Reflection on God’s sovereignty in Joseph’s life
“After Jacob’s death, his sons approach Joseph out of fear that he may have been awaiting their father’s death before exacting revenge. They had, after all, sold him into slavery. As the first minister of Egypt, he held them entirely in his power. What would he do?”
“Joseph allays their fears, and insists he does not want to put himself in the place of God. Then he looks back at that brutal incident when he was so badly treated, and comments, “You intended to harm me, but God intended it for good to accomplish what is now being done, the saving of many lives.”

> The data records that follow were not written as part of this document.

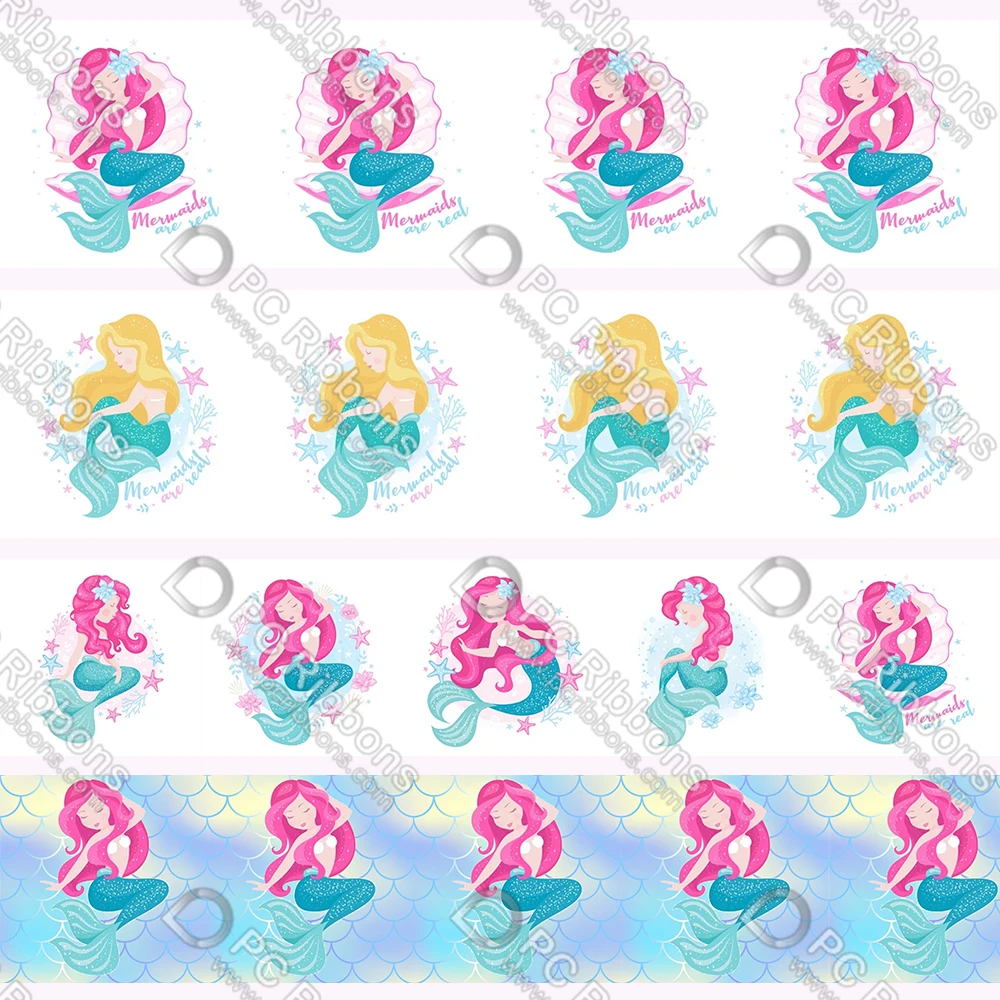 

16-75MM Cartoon Mermaid Printed Grosgrain Polyester Ribbon 50 Yards Gift Wrapping Diy Bows Wedding Drections Ribbons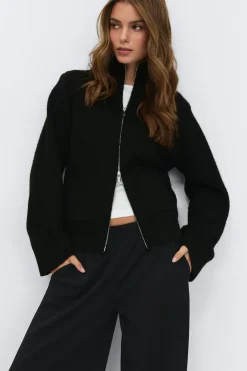 Gina Tricot Knitted pocket cardigan Svart Discount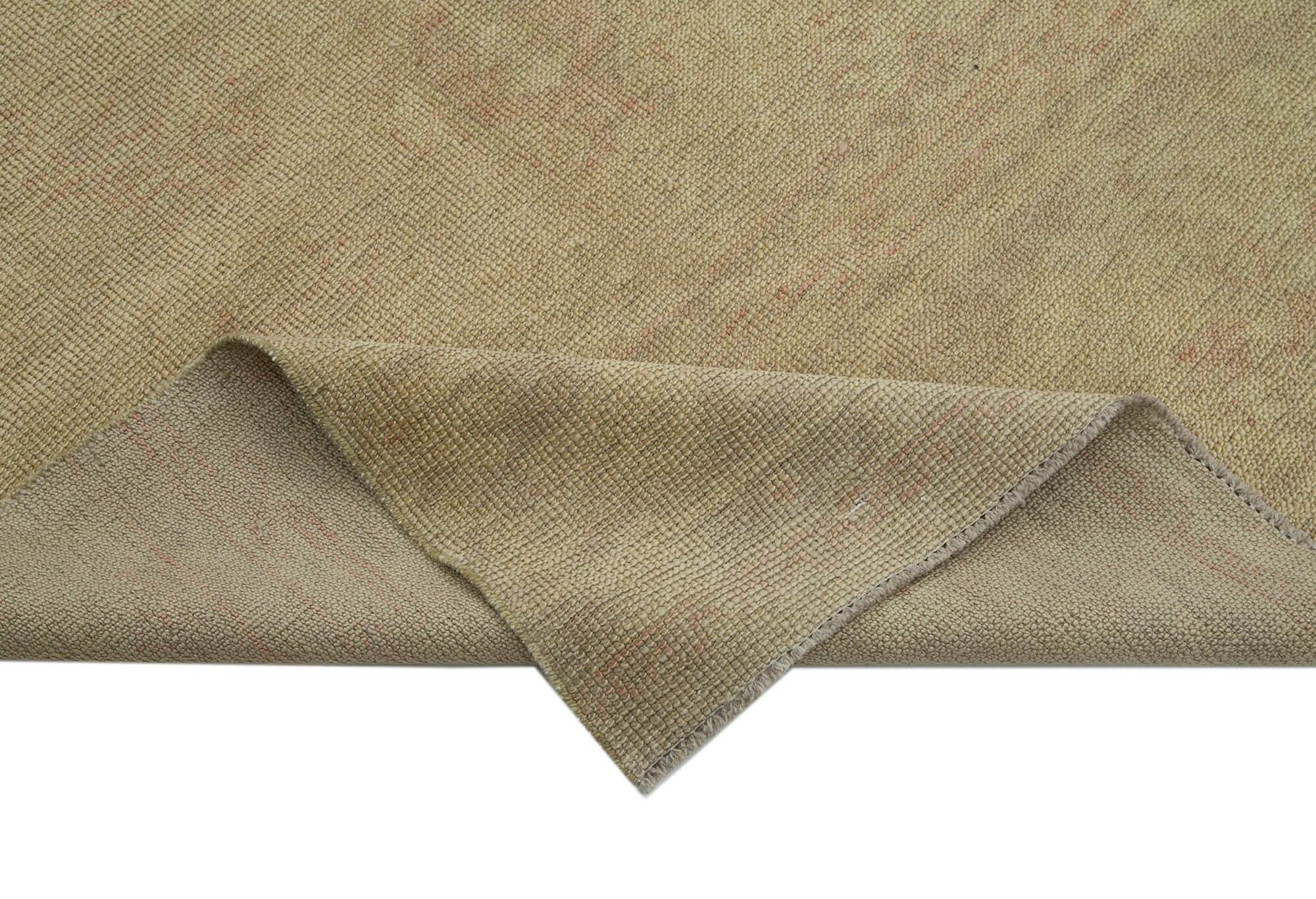 Handmade Cotton Wool Rug – Classic Beige Vintage Turkish Carpet, Durable Wool Area Rug 3'10''x11'7''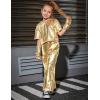 imagePerfashion Girls Shiny Metallic Flared Pants Festival Dance Pants Disco with Sunglasses Wide Leg Trousers 615 YearsGold360
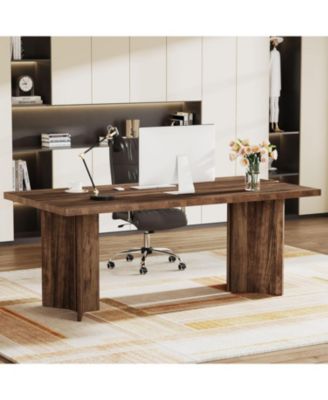  Executive Desk, Vintage Office Computer Desk with Large Tabletop, Farmhouse Wood Writing Conference Table Workstation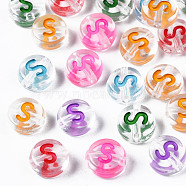 Transparent Clear Acrylic Beads, Horizontal Hole, Flat Round with Mixed Color Letter, Letter.S, 7x3.5mm, Hole: 1.2mm, about 3700pcs/500g(MACR-N008-56S)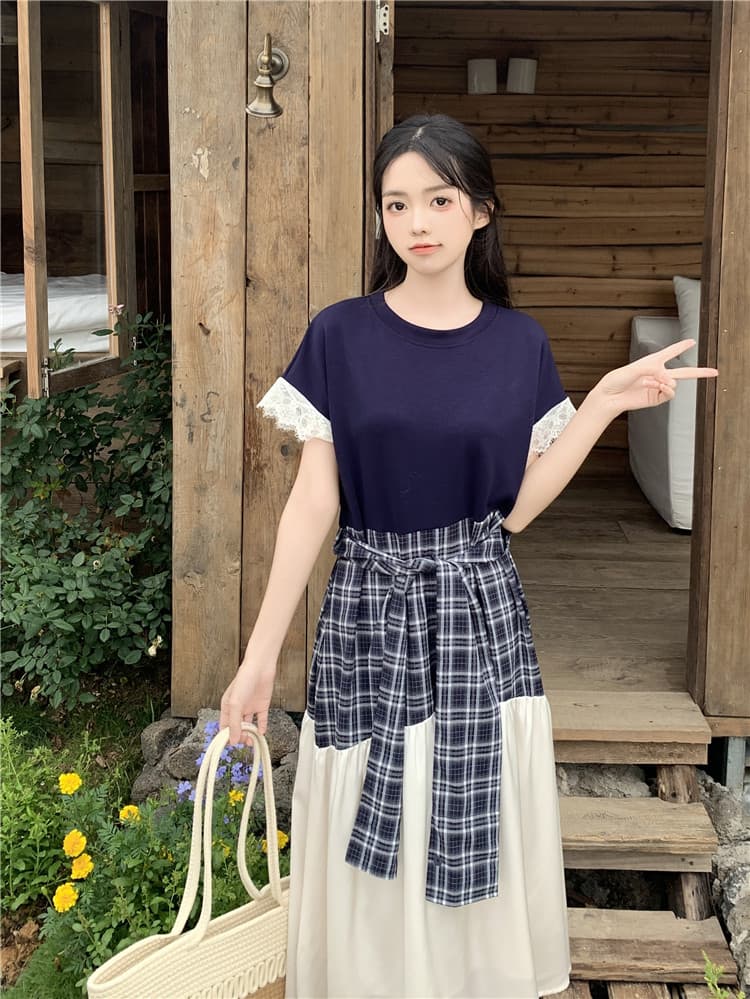 2026 여름 새로운 빅 사이즈 체크무늬 패치워크 드레스 레이스업 허리 수축 슬림해 보이는 중간 길이 티셔츠 점프 슈트 치마 상세 이미지 5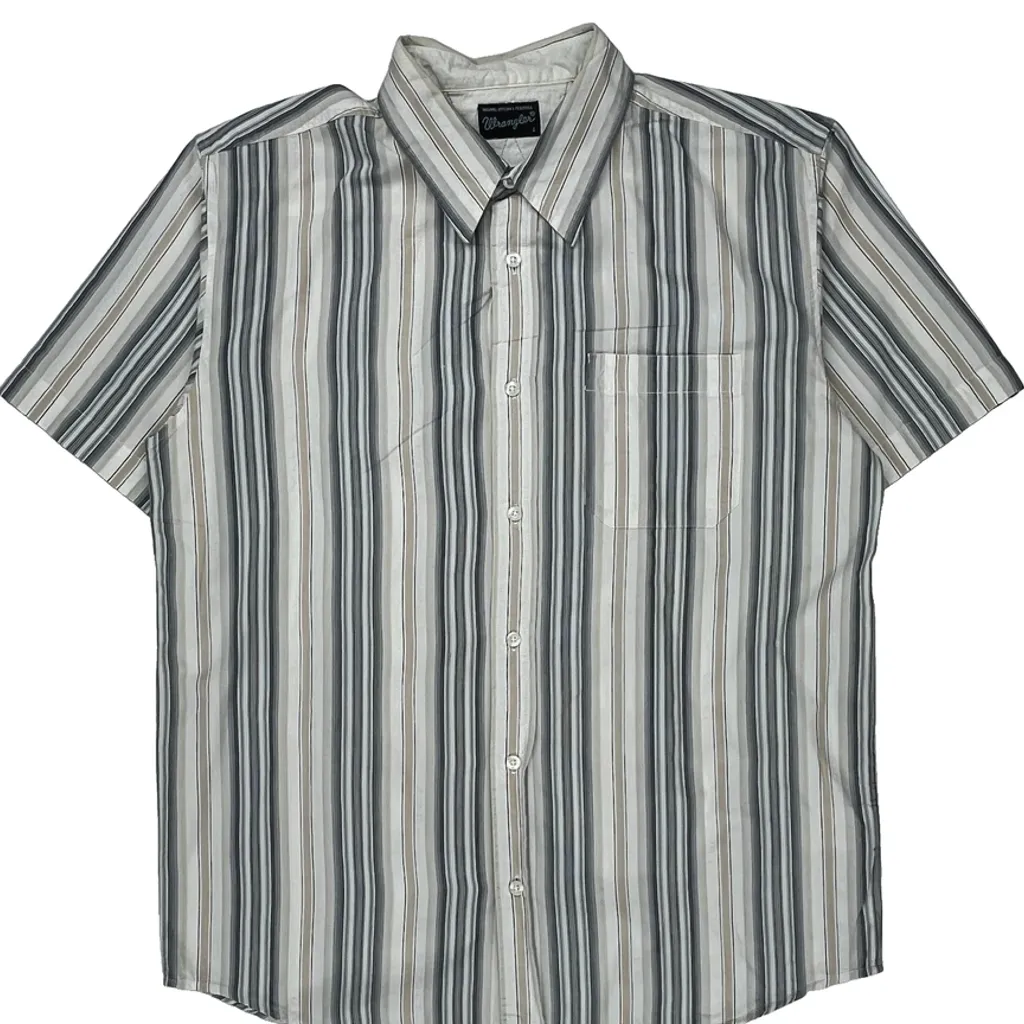 Wrangler Striped Short Sleeve Shirt - Large Gray Cotton - Image 4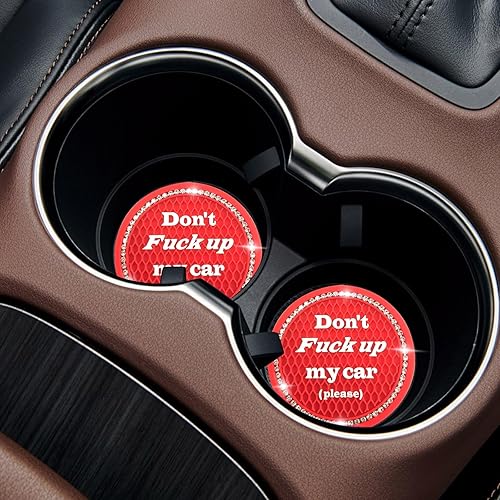 Miniatura 4 de 4 posavasos brillantes para automóvil, 2.75 pulgadas, antideslizantes, para inserción, universal, con diamantes de imitación de cristal, accesorios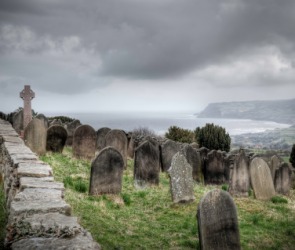 An old cemetery overlooking the sea. An old cemetery overlooking the sea.
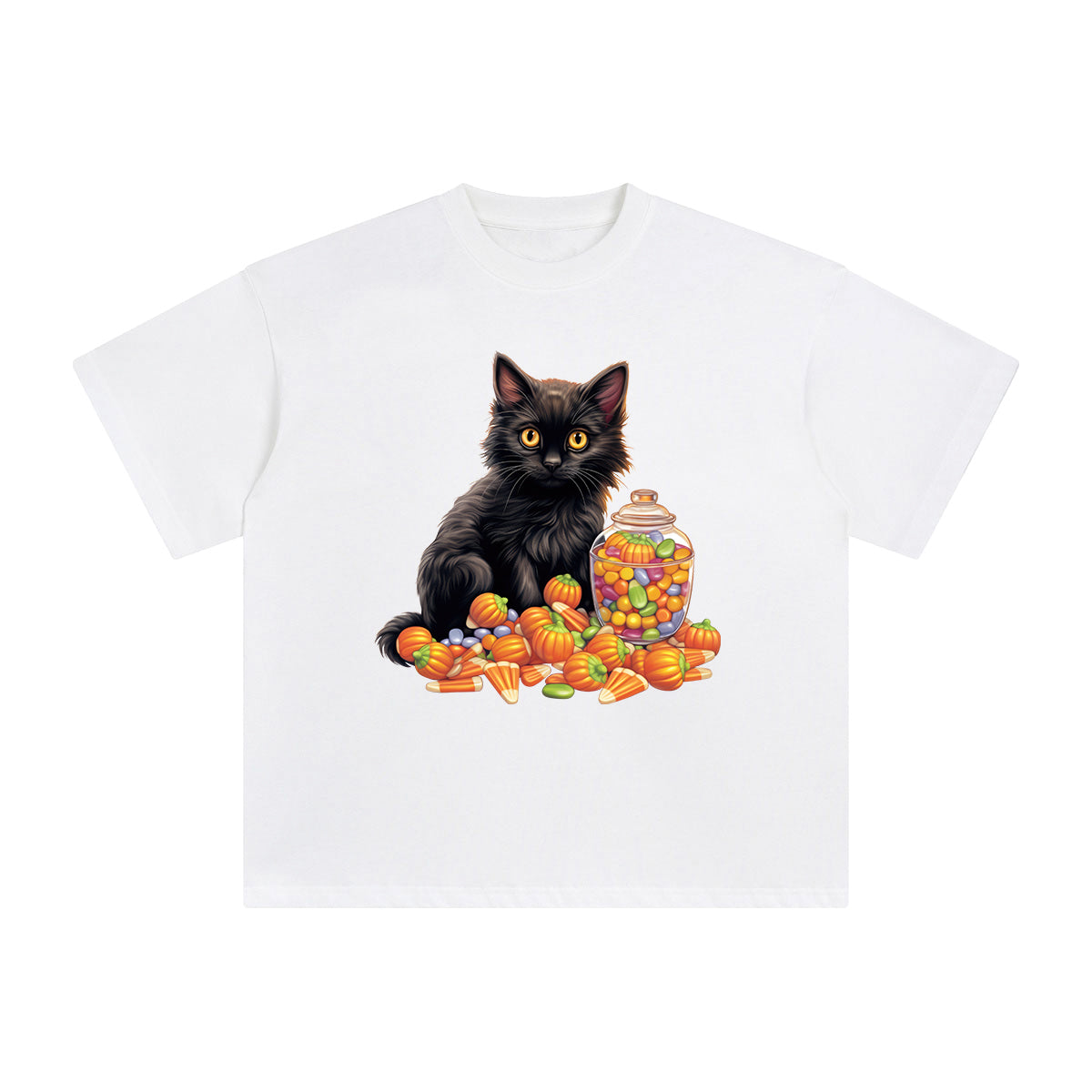Black Cat And Candy Graphic Tee-INNBLAC Fashion Apparel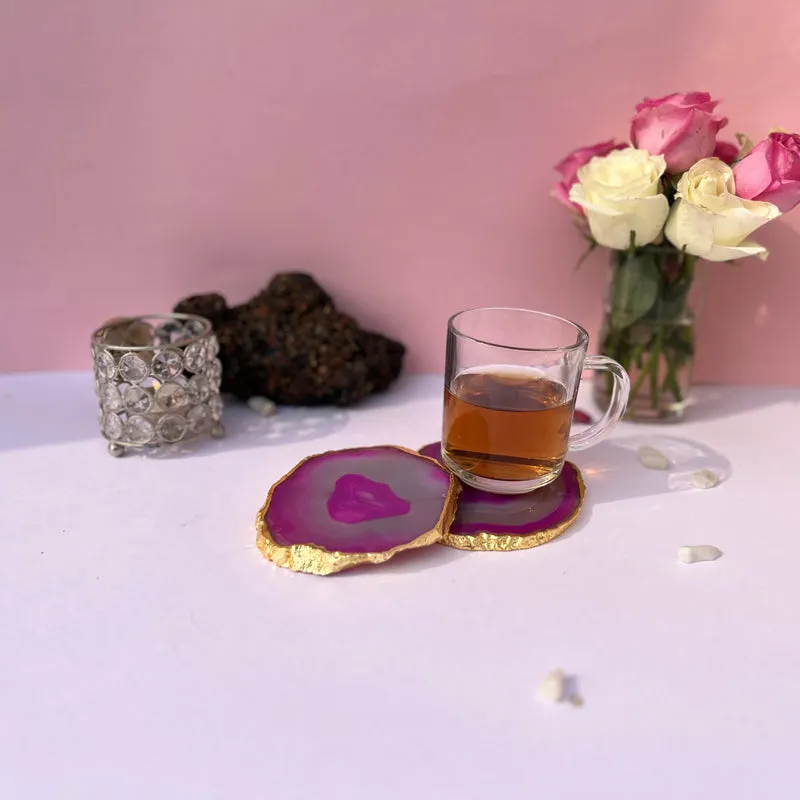 Candra Handcrafted Brazilian Agate Coaster (Pink) - Set Of Two media 4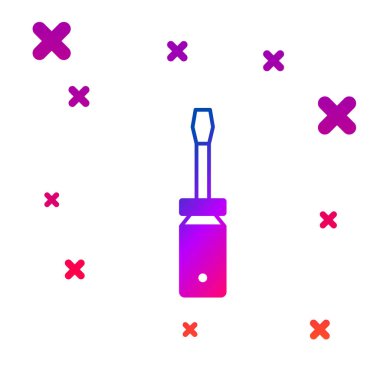 Renkli tornavida simgesi beyaz arkaplanda izole edildi. Servis aracı sembolü. Kademeli rastgele dinamik şekiller. Vektör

“The parallelism is remarkable. Joseph does not say that his brothers maliciously sold him into slavery, and that God turned it around, after the fact, to make the story have a happy ending. How could that have been the case, if God’s intent was to bring forth the good of saving many lives? Nor does Joseph suggest that God planned to bring him down to Egypt with first-class treatment all the way, but unfortunately the brothers mucked up His plan somewhat, resulting in the slight hiatus of Joseph spending a decade and a half as a slave or in prison. The story does not read that way.”
“The brothers took certain evil initiatives, and there is no prior mention of Joseph’s travel arrangements. As Joseph explains, God was working sovereignly in the event of his being sold into Egypt, but the brothers’ guilt is not thereby assuaged (they intended to harm Joseph); the brothers were responsible for their action, but God was not thereby reduced to a merely contingent role; and while the brothers were evil, God himself had only good intentions” (from, D. A. Carson, How long, O Lord?)
Yielding to God’s control
It is not easy to understand God’s control when the evil intentions of others profoundly affect our lives. The Lord Jesus, our faithful and merciful High Priest, understands this experience (see: Acts 2:22-23; 4:27-28). But when we yield to God’s sovereign control (see: Daniel 3:16-18; 4:34-35; Proverbs 3:11-12; Hebrews 12:5-7,11-12), it liberates us to follow Jesus in radical kingdom obedience: “But I tell you who hear me: Love your enemies, do good to those who hate you, bless those who curse you, pray for those who mistreat you” (Luke 6:27-28).
Like Joseph, we can be free under God’s final authority from the consuming control of bitterness and revenge. We can also be free from the multiplication of evil. There is a power available to absorb the loss and return a blessing instead (see: I Peter 3:9).
(New Testament mention of Joseph, Acts 7:9-14;Hebrews 11:22).